While deep learning models can achieve high accuracy, they can sometimes be difficult to interpret. Future trends may see the development of more interpretable models, allowing biologists to better understand the underlying mechanisms that drive the imputation process.

6.

Conclusions

As the most successful technique in the last decade, deep learning has been applied in predicting or imputing missing values in omics data and has achieved state-of-the-art performance. This review provides an overview of omics data imputation using deep learning approaches, specifically the mainstream of deep generative models and their applications in imputing various omics data. The review also covers multi-omics imputation using other deep learning models.

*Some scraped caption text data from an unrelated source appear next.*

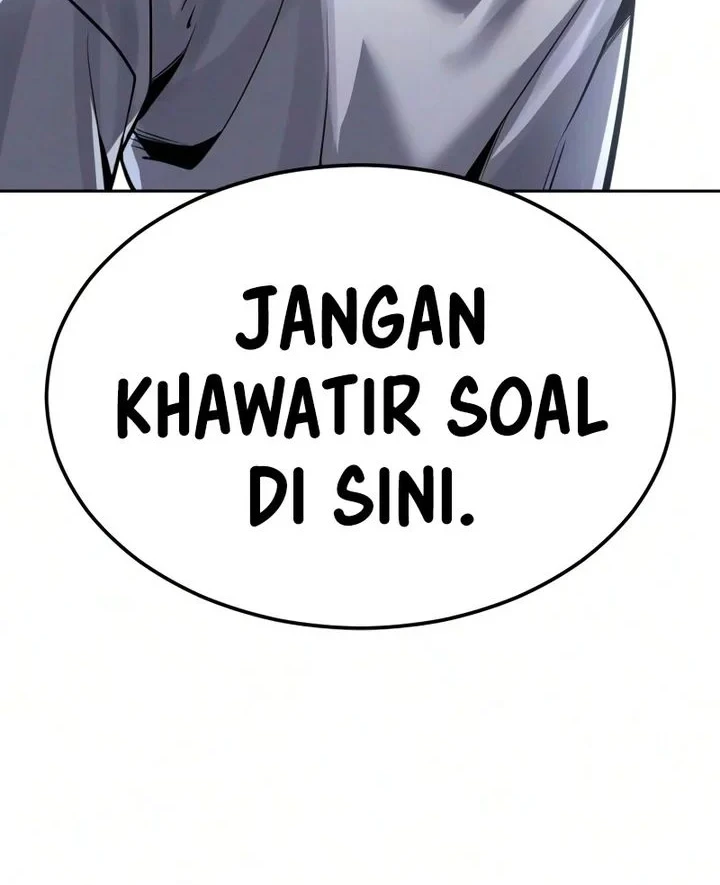 Resurrection Boy Chapter 26 Halaman 21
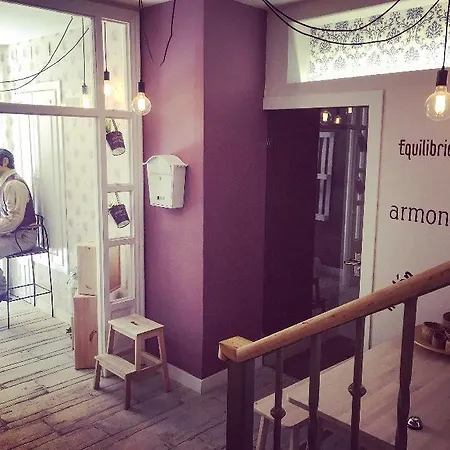 Le Vintage Ávila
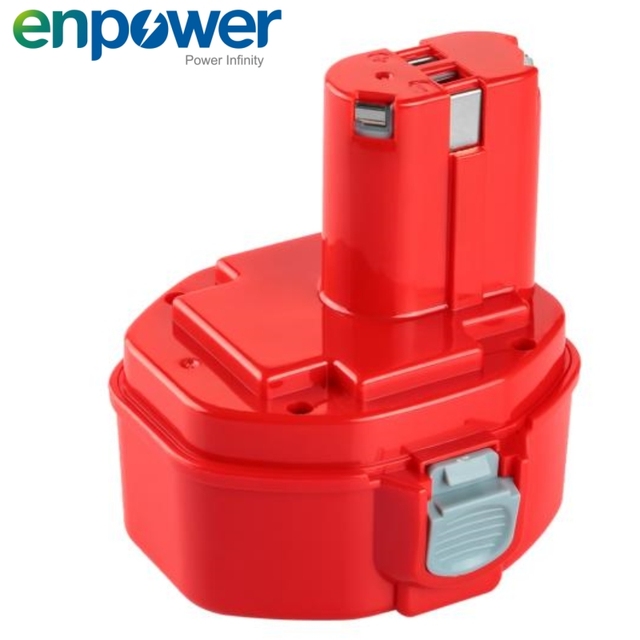 High Quality Replacement NIMH Battery 1420 PA14 for for Makita 6280DWAE 6280DWPE 6281D 6333D 6333DA 6333DWA Power Tool Battery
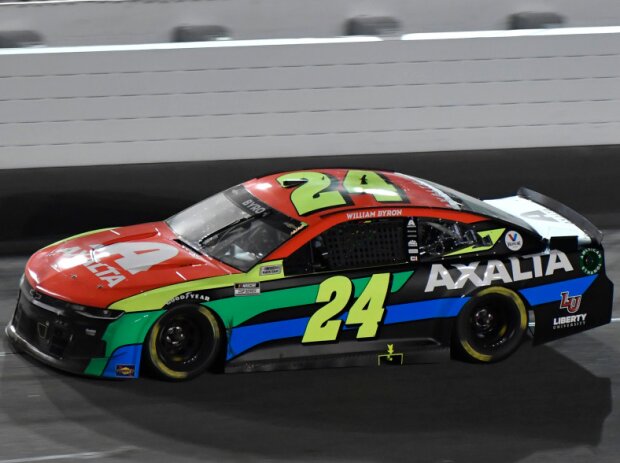 William Byron William Byron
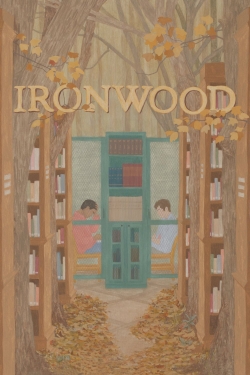 Ironwood full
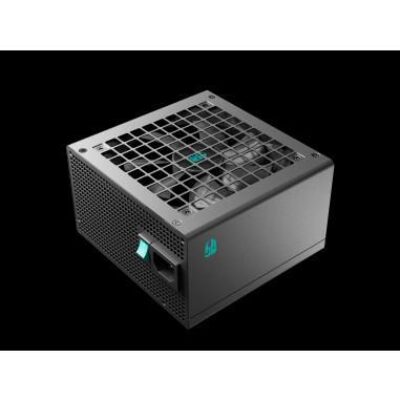 GAMER STORM ALIM. PF-600X 600W 80+ BRONZE  (BY DEEPCOOL) – GSPF600X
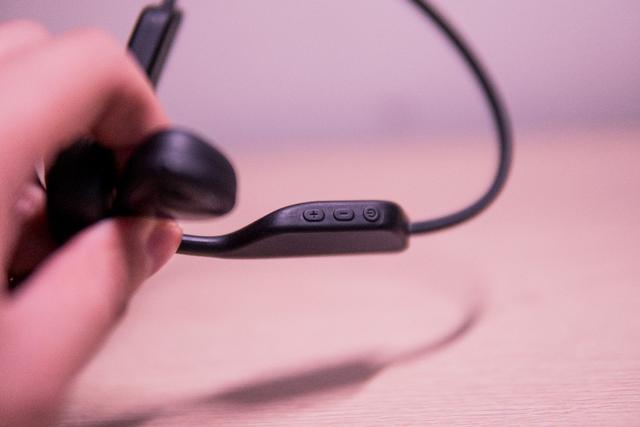 解放双耳，舒适听歌——南卡Runner Pro2骨传导耳机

Deep learning methods for omics data imputation have achieved success due to several factors. One key factor is its inherent end-to-end learning capability, which eliminates the need for time-consuming and error-prone data pre-processing steps, particularly in genomics, where diverse experimental data sources exist. By integrating multiple pre-processing steps into a single model, deep learning eliminates biases and batch effects, enhancing the predictive power of models. Another factor is deep learning’s effectiveness in handling multi-modal data, as it can seamlessly integrate diverse types of data for joint analysis, including multi-omics data. Crucially, deep learning excels at handling large-scale and high-dimensional datasets. Recent advancements such as model parallelism and the potential for larger models have attracted researchers in bioinformatics to make a transition from traditional methods to deep learning-based omics imputation.